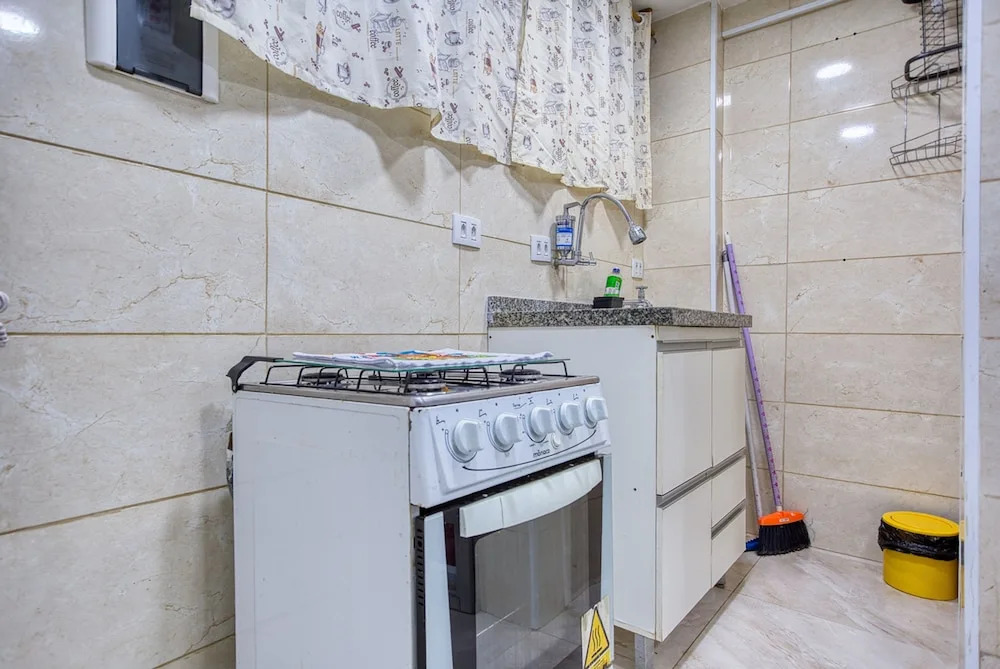 Apartamento c Fechadura Eletr Nica a 200m do Metr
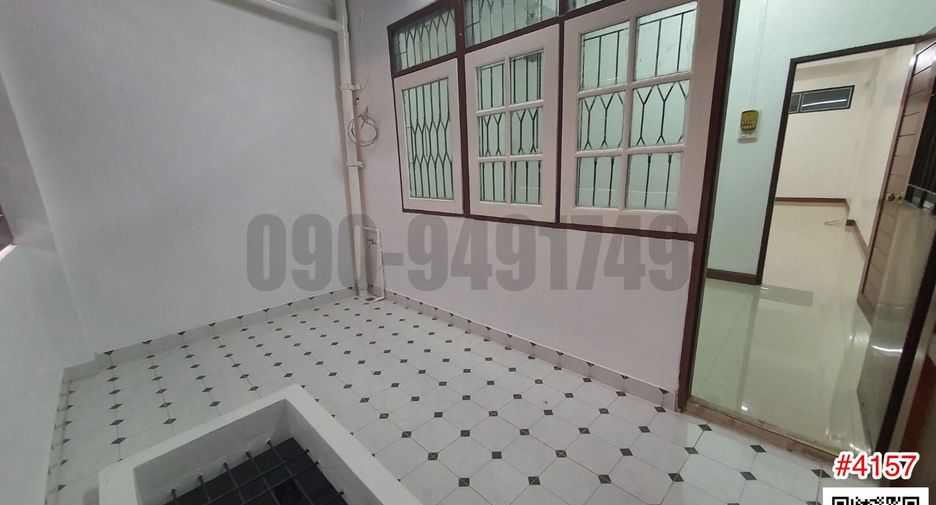 For rent 3 bedrooms retail Space in Bang Na, Bangkok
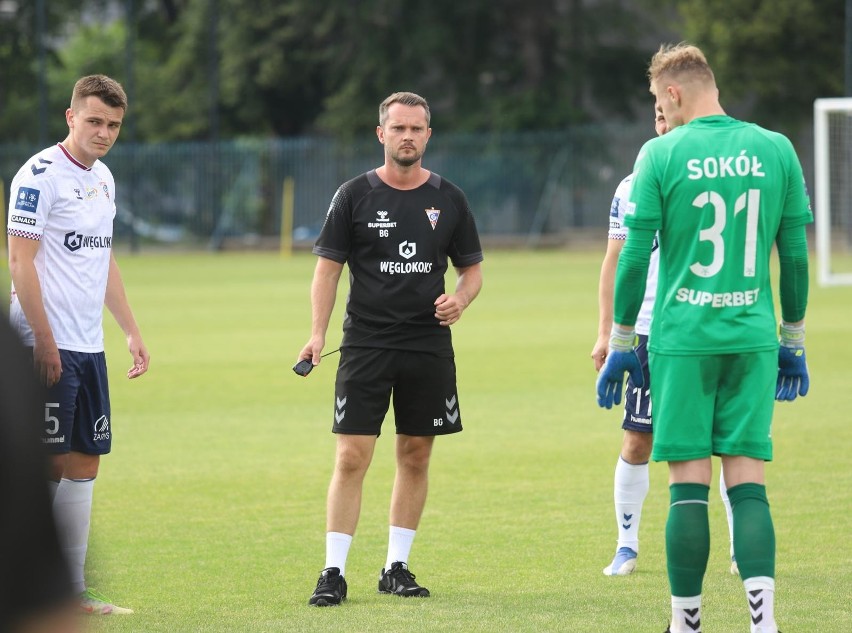 Trener Górnika Bartosch Gaul i bramkarz Paweł Sokół.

WHAT IS REQUIRED → Except for the pictures, give all the material above again verbatim.

EXERCISE SOLUTION →
 Apartamento c Fechadura Eletr Nica a 200m do Metr
 For rent 3 bedrooms retail Space in Bang Na, Bangkok
 Trener Górnika Bartosch Gaul i bramkarz Paweł Sokół.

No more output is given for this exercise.